● DATASET EXCERPTS
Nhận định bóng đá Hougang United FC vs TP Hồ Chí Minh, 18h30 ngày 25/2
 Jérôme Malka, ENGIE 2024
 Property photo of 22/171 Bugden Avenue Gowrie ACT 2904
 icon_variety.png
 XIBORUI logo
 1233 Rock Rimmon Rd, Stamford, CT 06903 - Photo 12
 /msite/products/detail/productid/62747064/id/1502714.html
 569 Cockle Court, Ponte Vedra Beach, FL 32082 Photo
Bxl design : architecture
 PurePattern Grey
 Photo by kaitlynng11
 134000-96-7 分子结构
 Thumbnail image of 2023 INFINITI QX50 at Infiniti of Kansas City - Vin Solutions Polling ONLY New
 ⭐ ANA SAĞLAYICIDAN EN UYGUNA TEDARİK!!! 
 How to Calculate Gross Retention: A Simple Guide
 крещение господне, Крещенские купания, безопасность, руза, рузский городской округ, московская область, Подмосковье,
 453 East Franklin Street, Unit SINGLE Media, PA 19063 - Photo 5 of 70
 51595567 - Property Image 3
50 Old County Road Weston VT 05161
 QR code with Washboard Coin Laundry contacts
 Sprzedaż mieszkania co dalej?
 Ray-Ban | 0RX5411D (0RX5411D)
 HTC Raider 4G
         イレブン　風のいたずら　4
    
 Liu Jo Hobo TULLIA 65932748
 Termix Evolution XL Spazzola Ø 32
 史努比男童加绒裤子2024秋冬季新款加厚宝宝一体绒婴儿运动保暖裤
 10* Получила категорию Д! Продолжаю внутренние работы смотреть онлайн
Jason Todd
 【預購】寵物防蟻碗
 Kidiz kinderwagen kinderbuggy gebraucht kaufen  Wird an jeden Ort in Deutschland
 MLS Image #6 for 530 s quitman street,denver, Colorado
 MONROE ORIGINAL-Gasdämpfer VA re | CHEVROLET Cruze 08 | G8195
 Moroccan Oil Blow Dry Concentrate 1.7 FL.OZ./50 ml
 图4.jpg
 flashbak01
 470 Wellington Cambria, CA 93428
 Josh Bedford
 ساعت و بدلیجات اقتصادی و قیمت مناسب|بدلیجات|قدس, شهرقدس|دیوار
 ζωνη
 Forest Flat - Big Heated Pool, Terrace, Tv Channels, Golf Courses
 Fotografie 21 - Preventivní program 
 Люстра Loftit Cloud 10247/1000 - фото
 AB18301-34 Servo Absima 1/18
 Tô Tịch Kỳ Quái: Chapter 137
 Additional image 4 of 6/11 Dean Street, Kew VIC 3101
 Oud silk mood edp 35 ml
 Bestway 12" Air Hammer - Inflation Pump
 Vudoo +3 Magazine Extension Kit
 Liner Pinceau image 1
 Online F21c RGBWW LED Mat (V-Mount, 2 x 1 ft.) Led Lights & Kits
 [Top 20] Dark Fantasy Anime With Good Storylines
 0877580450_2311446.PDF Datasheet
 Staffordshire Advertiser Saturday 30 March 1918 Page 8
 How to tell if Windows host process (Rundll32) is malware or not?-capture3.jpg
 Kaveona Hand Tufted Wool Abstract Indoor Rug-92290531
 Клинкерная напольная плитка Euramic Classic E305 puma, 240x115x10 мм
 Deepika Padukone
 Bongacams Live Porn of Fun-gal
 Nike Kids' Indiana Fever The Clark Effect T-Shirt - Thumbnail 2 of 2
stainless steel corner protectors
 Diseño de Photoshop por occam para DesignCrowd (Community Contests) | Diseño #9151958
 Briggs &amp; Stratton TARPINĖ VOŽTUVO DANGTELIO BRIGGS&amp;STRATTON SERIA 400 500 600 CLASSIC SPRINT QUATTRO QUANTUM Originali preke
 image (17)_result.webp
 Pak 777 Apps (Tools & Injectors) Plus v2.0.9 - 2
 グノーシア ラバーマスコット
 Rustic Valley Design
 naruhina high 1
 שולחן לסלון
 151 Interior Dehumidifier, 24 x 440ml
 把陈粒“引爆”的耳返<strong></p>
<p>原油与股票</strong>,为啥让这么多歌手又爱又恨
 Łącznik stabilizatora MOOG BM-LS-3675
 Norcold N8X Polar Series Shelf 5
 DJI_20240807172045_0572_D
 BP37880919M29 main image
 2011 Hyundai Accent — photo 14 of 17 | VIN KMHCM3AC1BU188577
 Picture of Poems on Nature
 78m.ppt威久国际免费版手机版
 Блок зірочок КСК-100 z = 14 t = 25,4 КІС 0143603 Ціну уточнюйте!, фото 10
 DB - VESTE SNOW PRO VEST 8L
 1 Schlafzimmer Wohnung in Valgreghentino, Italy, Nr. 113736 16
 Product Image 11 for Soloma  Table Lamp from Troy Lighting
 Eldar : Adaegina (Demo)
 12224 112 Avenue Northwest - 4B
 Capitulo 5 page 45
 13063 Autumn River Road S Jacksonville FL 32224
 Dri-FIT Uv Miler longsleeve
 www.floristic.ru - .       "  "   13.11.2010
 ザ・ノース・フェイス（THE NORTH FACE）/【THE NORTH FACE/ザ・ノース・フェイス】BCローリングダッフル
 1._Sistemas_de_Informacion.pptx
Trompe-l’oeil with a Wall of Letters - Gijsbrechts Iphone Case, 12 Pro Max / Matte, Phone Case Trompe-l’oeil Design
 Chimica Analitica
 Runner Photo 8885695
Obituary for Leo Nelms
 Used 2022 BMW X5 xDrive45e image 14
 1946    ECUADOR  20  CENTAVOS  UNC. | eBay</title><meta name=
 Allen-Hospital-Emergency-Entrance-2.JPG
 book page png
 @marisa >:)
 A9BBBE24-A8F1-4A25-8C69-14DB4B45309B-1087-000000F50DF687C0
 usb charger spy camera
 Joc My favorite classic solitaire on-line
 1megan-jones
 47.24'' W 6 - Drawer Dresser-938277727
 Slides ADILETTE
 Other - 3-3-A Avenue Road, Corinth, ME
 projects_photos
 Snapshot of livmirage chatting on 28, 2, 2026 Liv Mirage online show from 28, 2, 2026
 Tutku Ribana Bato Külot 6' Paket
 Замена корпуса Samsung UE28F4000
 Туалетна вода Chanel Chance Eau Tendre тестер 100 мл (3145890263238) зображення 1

● TASK GOAL
What you return must be the lines above that run from the line with "image (17)_result.webp" to the line with "BP37880919M29 main image", inclusive, each copied exactly.

● ANSWER BOX
 image (17)_result.webp
 Pak 777 Apps (Tools & Injectors) Plus v2.0.9 - 2
 グノーシア ラバーマスコット
 Rustic Valley Design
 naruhina high 1
 שולחן לסלון
 151 Interior Dehumidifier, 24 x 440ml
 把陈粒“引爆”的耳返<strong></p>
<p>原油与股票</strong>,为啥让这么多歌手又爱又恨
 Łącznik stabilizatora MOOG BM-LS-3675
 Norcold N8X Polar Series Shelf 5
 DJI_20240807172045_0572_D
 BP37880919M29 main image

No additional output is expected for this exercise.